### TASK BRIEF
Pictures aside, repeat the listing below exactly.

### SOURCE RECORDS
Segment Open

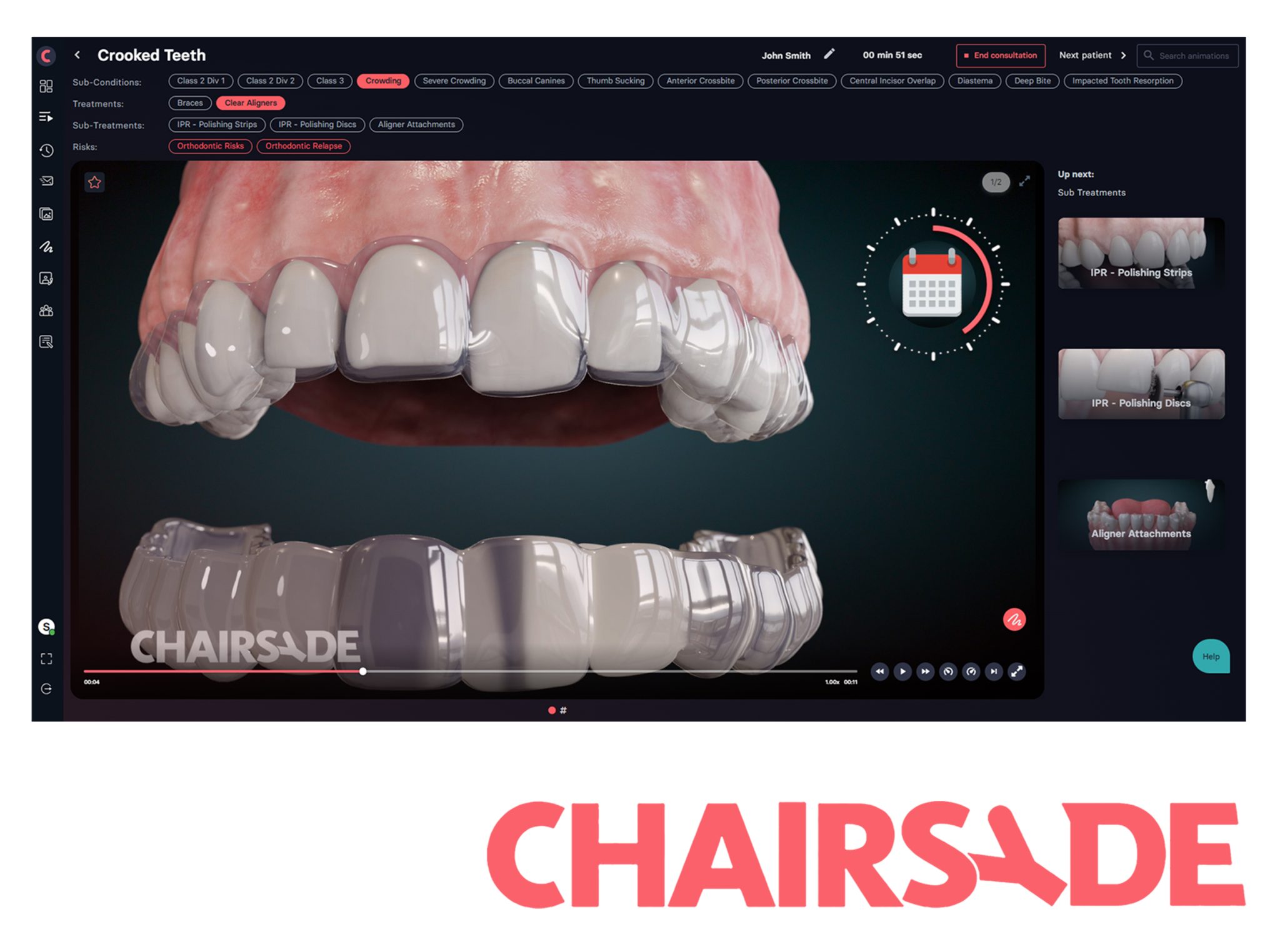 Optimise patient communication with Chairsyde – Stand K34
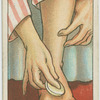 How to cure chilblains.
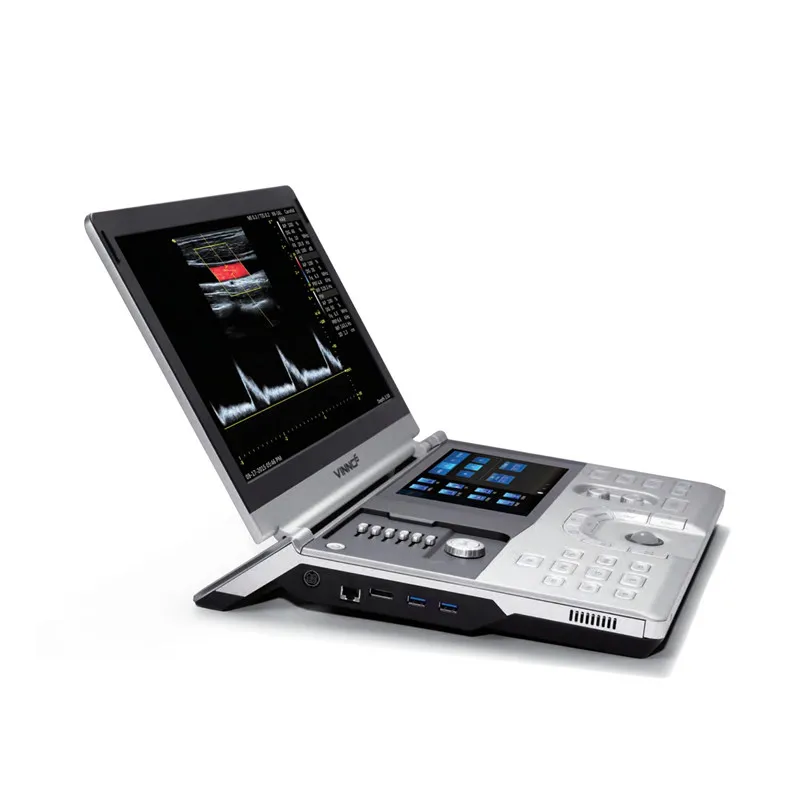 VINNO 6 Medical Ultrasound ultrasonic Instruments, Portable Color Doppler 4D Ultrasound Machine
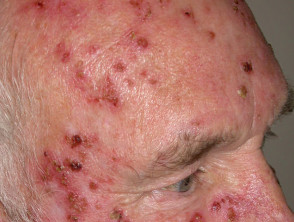 topical lesions imiquimod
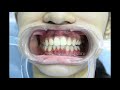 1 teeth straightening in chennai  senthil dental care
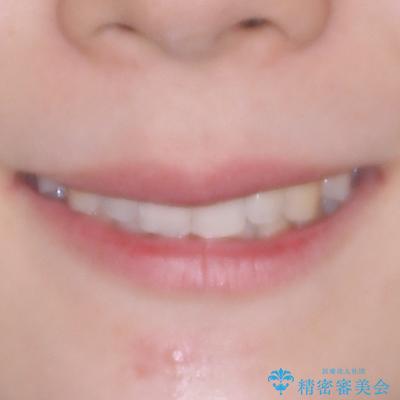 前歯が隠れるほどのデコボコをインビザライン矯正できれいに整えるの治療後(顔貌)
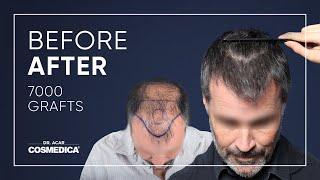 Hair Transplant in Turkey | Results | Dr. Acar | Cosmedica Clinic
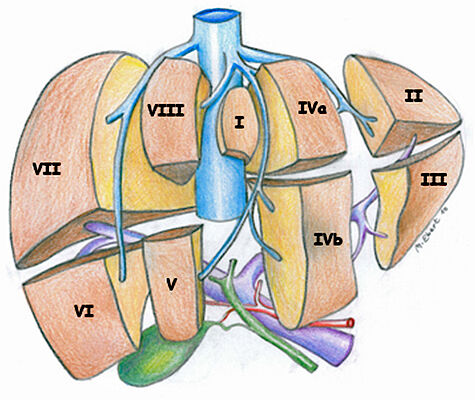 Abbildung 2: Schematische Darstellung der Lebersegmente nach Couinaud(6).Blau dargestellt sind die „untere Hohlvene“ (V.cava inferior) und die Lebervenen mit ihren Ästen. Pinkfarben dargestellt sind die Pfortader (V. portae) und ihre Äste. Rot dargestellt ist die Leberarterie (A. hepatis) mit Ästen. Grün dargestellt ist die Gallenblase und ein Teil der außerhalb der Leber gelegenen (extrahepatischen) Gallengänge.Die Abbildung verdanke ich Herrn Dr. M.Ebert, Institut für Radiologie und Neuroradiologie, Krankenhaus Barmherzige Brüder Regensburg (7). Abdruck mit freundlicher Genehmigung des Springer Medizin-Verlages aus: Melter,M. und Mitarbeiter. Die pädiatrische Lebertransplantation. Monatsschr Kinderheilkd 160, 343-357 (2012). (1).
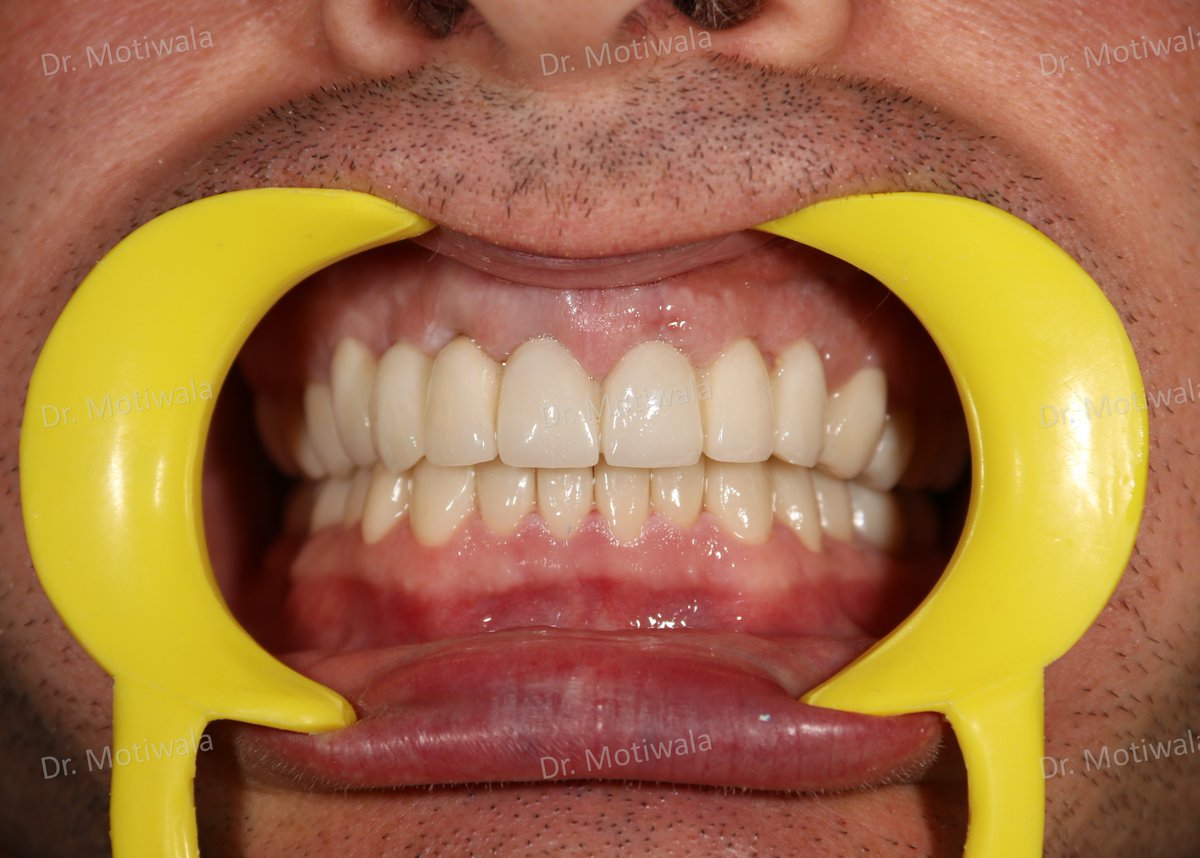 drmotiwaladcic's tweet image. The impacted canine was extracted and replaced with single-piece basal implants. 

#basalimplants #dentistry #zirconiacrowns #dentalimplants #missingfrontteeth #impactedcanines #extractions #singlepiece
#Hyderabad #India #australia #canada #newzealand 

drmotiwala.com/full-mouth-rec…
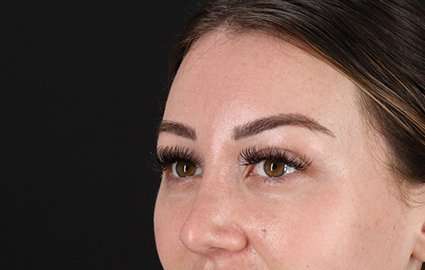 Brow Lift Before & After Patient #4766
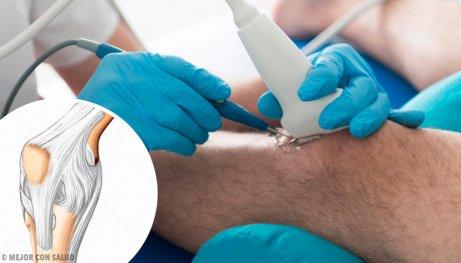 d981d988d8a7d8a6d8af-d8aad986d8b8d98ad8b1-d8a7d984d8b1d983d8a8d8a9 فوائد تنظير الركبة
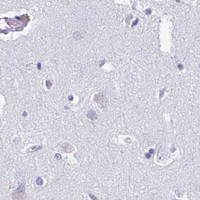 HPA IHC Cerebral cortex — CD7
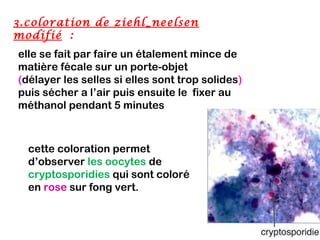 3.coloration de ziehl_neelsen
modifié :
elle se fait par faire un étalement mince de
matière fécale sur un porte-objet
(délayer les selles si elles sont trop solides)
puis sécher a l’air puis ensuite le fixer au
méthanol pendant 5 minutes



  cette coloration permet
  d’observer les oocytes de
  cryptosporidies qui sont coloré
  en rose sur fong vert.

Segment Closed

### EXERCISE ANSWER
 Optimise patient communication with Chairsyde – Stand K34
 How to cure chilblains.
 VINNO 6 Medical Ultrasound ultrasonic Instruments, Portable Color Doppler 4D Ultrasound Machine
 topical lesions imiquimod
 1 teeth straightening in chennai  senthil dental care
 前歯が隠れるほどのデコボコをインビザライン矯正できれいに整えるの治療後(顔貌)
 Hair Transplant in Turkey | Results | Dr. Acar | Cosmedica Clinic
 Abbildung 2: Schematische Darstellung der Lebersegmente nach Couinaud(6).Blau dargestellt sind die „untere Hohlvene“ (V.cava inferior) und die Lebervenen mit ihren Ästen. Pinkfarben dargestellt sind die Pfortader (V. portae) und ihre Äste. Rot dargestellt ist die Leberarterie (A. hepatis) mit Ästen. Grün dargestellt ist die Gallenblase und ein Teil der außerhalb der Leber gelegenen (extrahepatischen) Gallengänge.Die Abbildung verdanke ich Herrn Dr. M.Ebert, Institut für Radiologie und Neuroradiologie, Krankenhaus Barmherzige Brüder Regensburg (7). Abdruck mit freundlicher Genehmigung des Springer Medizin-Verlages aus: Melter,M. und Mitarbeiter. Die pädiatrische Lebertransplantation. Monatsschr Kinderheilkd 160, 343-357 (2012). (1).
 drmotiwaladcic's tweet image. The impacted canine was extracted and replaced with single-piece basal implants. 

#basalimplants #dentistry #zirconiacrowns #dentalimplants #missingfrontteeth #impactedcanines #extractions #singlepiece
#Hyderabad #India #australia #canada #newzealand 

drmotiwala.com/full-mouth-rec…
 Brow Lift Before & After Patient #4766
 d981d988d8a7d8a6d8af-d8aad986d8b8d98ad8b1-d8a7d984d8b1d983d8a8d8a9 فوائد تنظير الركبة
 HPA IHC Cerebral cortex — CD7
 3.coloration de ziehl_neelsen
modifié :
elle se fait par faire un étalement mince de
matière fécale sur un porte-objet
(délayer les selles si elles sont trop solides)
puis sécher a l’air puis ensuite le fixer au
méthanol pendant 5 minutes



  cette coloration permet
  d’observer les oocytes de
  cryptosporidies qui sont coloré
  en rose sur fong vert.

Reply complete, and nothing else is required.